Last week, I wrote about the possibility that the underlying energy in the universe is love energy, illustrated from a number of sources, from Einstein to Winnie the Pooh. Here are a few other favourite quotations from Winnie the Pooh.
•”A hug is always the right size.”
•”Piglet sidled up to Pooh from behind. ‘Pooh?’ he whispered. ‘Yes, Piglet? ’‘Nothing,’ said Piglet, taking Pooh’s paw, ‘I just wanted to be sure of you.’
•”Sometimes you have to rethink the things you thought you thought through.”
These simple Pooh quotations suggest to me that being in the presence of a caring other is reassuring, but specifically if that is an attentive, personal presence and not an absent-hearted, so to speak, bump on a log presence. To say that a hug is always the right size seems to me to be saying that if the hug comes out of caring presence, it is always “fitting.” I think in light of last week’s reflection that love or love energy is rooted in the experience of this kind of presence. The very word presence comes from the Latin and means literally “being with.” Philosopher, Josef Pieper, says that the experience of love is not merely that it is good that you are this or that, or that you have such and such qualities, but that it is good that you are, and it is good to be with you. Your presence gives meaning to my life. This underlying experience does not of course deny the reality of struggle, doubt, and sorrow that are part of any lasting relationship or friendship.
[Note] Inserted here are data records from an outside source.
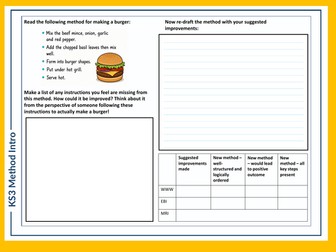 KS3 Science Skills Task - Intro to Method Writing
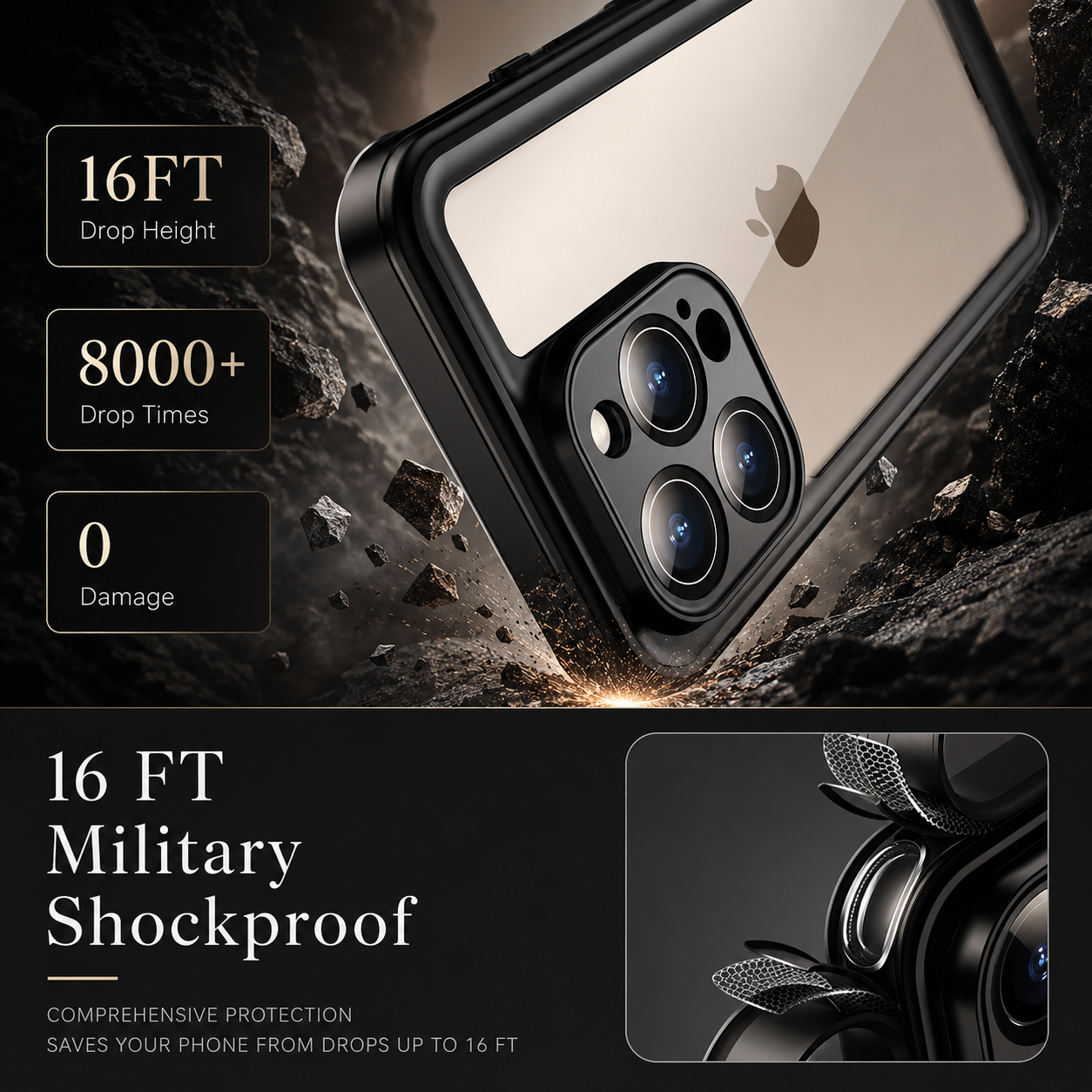 Premium iPhone Case MagSafe Compatible Built In Screen Protection Waterproof Protective Cover Shockproof Full Body Dustproof Design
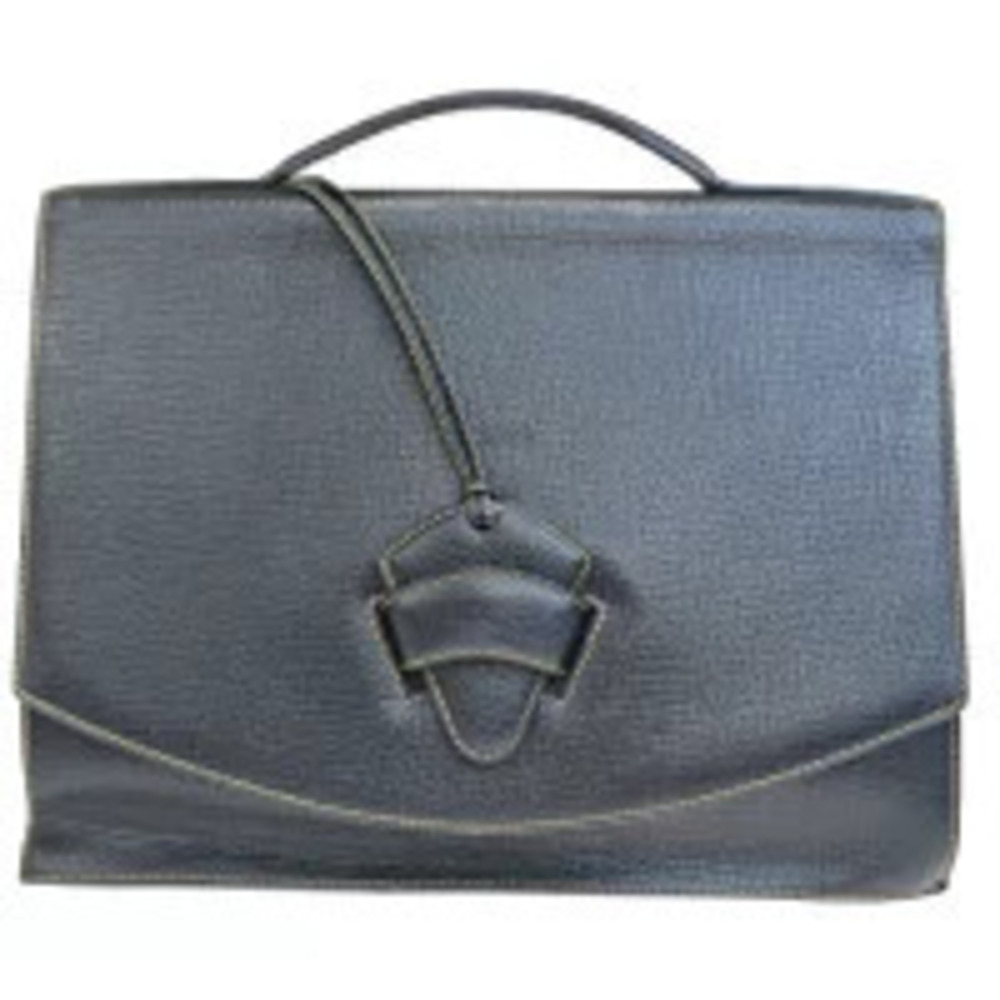 Loewe Briefcase Business Bag Handbag Black Leather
The other Pooh quotation about rethinking things strikes me as saying that what is most essential in our growth in awareness, understanding, and caring, is not merely the addition of new information. It is rather the deepening and enriching of our angle of vision, the eyes through which we look at life, the horizon within which see the events of our life unfold, the script that interprets our life.
Here there are two related thoughts. One is that we will see more clearly and deeply if we come to see and hear with the eyes and ears of the heart; that is, from the angle not of fear or hostility, but that of compassion for ourselves and others.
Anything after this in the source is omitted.